Tarif décennale en micro-entreprise : les chiffres par activité

La réponse courte

Pour une micro-entreprise du bâtiment, le tarif décennale se situe le plus souvent entre 600 et 1 500 € par an, soit environ 50 à 130 € par mois en cas de paiement fractionné. Cette fourchette correspond aux activités de second œuvre (peinture, plâtrerie, carrelage, électricité) exercées sous statut auto-entrepreneur, avec un chiffre d’affaires modeste et peu ou pas d’antériorité de sinistres. Le tarif décennale en micro-entreprise dépend surtout du métier déclaré, du chiffre d’affaires et de l’expérience justifiée — pas du statut juridique lui-même : à activité et CA identiques, une micro-entreprise et une société paient des primes voisines.

Le détail des tarifs par métier

Le statut auto-entrepreneur ne change pas la grille de risque : c’est l’activité déclarée qui fixe la fourchette de base. Voici les tarifs annuels et mensuels indicatifs pour les métiers les plus courants en micro-entreprise, avant application des coefficients personnels détaillés plus bas.

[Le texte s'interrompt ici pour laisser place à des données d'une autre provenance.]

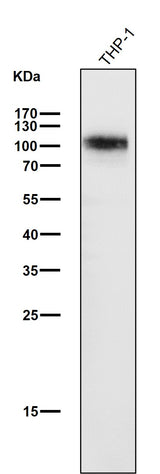 Anti-SIRP alpha Rabbit Monoclonal Antibody Boster Bio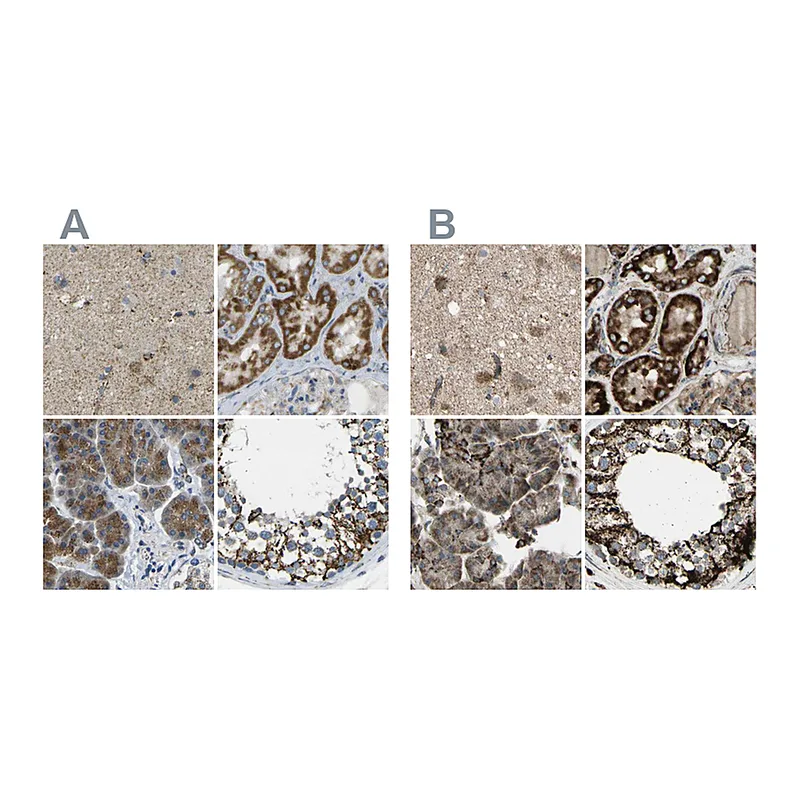 Atlas Antibodies Anti-CYB5R1 Antibody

Activité Fourchette annuelle Fourchette mensuelle (fractionné)
Peintre / décorateur 700 – 1 400 € ~58 – 120 €
Plaquiste / plâtrier 800 – 1 600 € ~67 – 135 €
Carreleur 900 – 1 800 € ~75 – 150 €
Électricien 900 – 1 800 € ~75 – 150 €
Plombier / chauffagiste 1 000 – 2 000 € ~85 – 170 €
Menuisier 1 200 – 2 500 € ~100 – 210 €
Multiservice 1 200 – 2 600 € ~100 – 220 €
Auto-entrepreneur second œuvre (synthèse) 600 – 1 500 € ~50 – 130 €

Ces montants sont des ordres de grandeur pour un profil de référence (3 à 10 ans d’expérience, CA 40-70 k€, sans sinistre). Ils s’ajustent ensuite selon votre situation réelle. Pour les métiers de gros œuvre ou techniques (maçonnerie, couverture, photovoltaïque), les tarifs sont sensiblement plus élevés — consultez le hub métiers pour la grille complète.

Les facteurs qui font varier le prix

Cinq critères pèsent dans le calcul d’une prime décennale, avec des poids très différents.

Le métier et les activités déclarées. C’est le facteur premier : un électricien ne paie pas comme un couvreur, car le risque de sinistre grave (solidité de l’ouvrage compromise, impropriété à destination) diffère selon l’activité. Attention : seules les activités inscrites sur l’attestation d’assurance sont couvertes. Une activité exercée mais non déclarée peut entraîner un refus de garantie en cas de sinistre.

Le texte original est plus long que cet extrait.